A new bill introduced in Sacramento would require California schools to adopt policies restricting or banning cell phones in schools in the hopes of decreasing their use during class time.

Assemblymember Al Muratsuchi, a Democrat representing the South Bay of Los Angeles, introduced Assembly Bill 272, saying that cell phones are a distraction and interfere with students’ learning. It would allow schools to determine their own phone policies. Some school districts in the state have already banned cell phones.

That they may draw too much of the students’ attention is not the only justification given for restricting the usage of phones at school.

The bill states: “There is growing evidence that unrestricted use of smartphones by pupils at elementary and secondary schools during the school day interferes with the educational mission of the schools, lowers pupil performance, particularly among low-achieving pupils, promotes cyberbullying, and contributes to an increase in teenage anxiety, depression, and suicide.”

Not everyone agrees, however, that phones are such a nuisance. While many teachers would surely welcome a decrease in distractions, other people argue that the devices are sometimes necessary.

“I’d say I need my phone in school,” Charles Robinson, a Richmond High senior, said. “Whenever the [school] laptops don’t work, I can use my phone. People need to message me. I need to check emails, or just in case of a family emergency.”

Having a phone isn’t always a matter of necessity for Robinson, who also says it gives him “something to do.”
While there are legitimate reasons for students to have their phones readily accessible to them at school, those don’t account for the only times they are used, which is how they can become a distraction.
Luis Chacon, a Richmond High teacher, says having phones in the classroom can have many negative effects, including a teacher not engaging enough with students, struggles with phone addiction, or a student constantly checking their phone because of something going on in his or her life.
He also thinks that educators such as himself need to be aware of what’s going with their students and consider they might have a good reason for being on their phones. “It’s important to look at the root cause of why the student is on their phone, as frustrating as it might be as a teacher,” Chacon said.
John Ohlmann, another Richmond High teacher, had a different view on the problem.

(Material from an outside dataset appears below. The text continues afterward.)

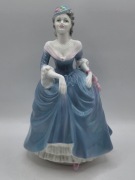Porcelanowa figurka Regina Coalport „Ladies of Fashion”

“In my opinion, whatever it is, you shouldn’t be using your cell phone in my class,” he said. “Call me old-fashioned. If I can wave a magic wand and all cell phones would disappear, I’d do it.”

Not all students would be likely to object if phones were indeed to vanish from class time. Some say they just don’t need to have them during most school days.

Brenda Aceves Limon, a Richmond High freshman, says if phones were banned, she would be more focused in school. She doesn’t think the ban would affect her much.
“I don’t need my phone at all times,” she said. “I only need it in school to call my parents.”

AB 272 passed the Assembly Education Committee in April, then passed the Appropriations Committee and Assembly floor. The bill now awaits a vote in the Senate.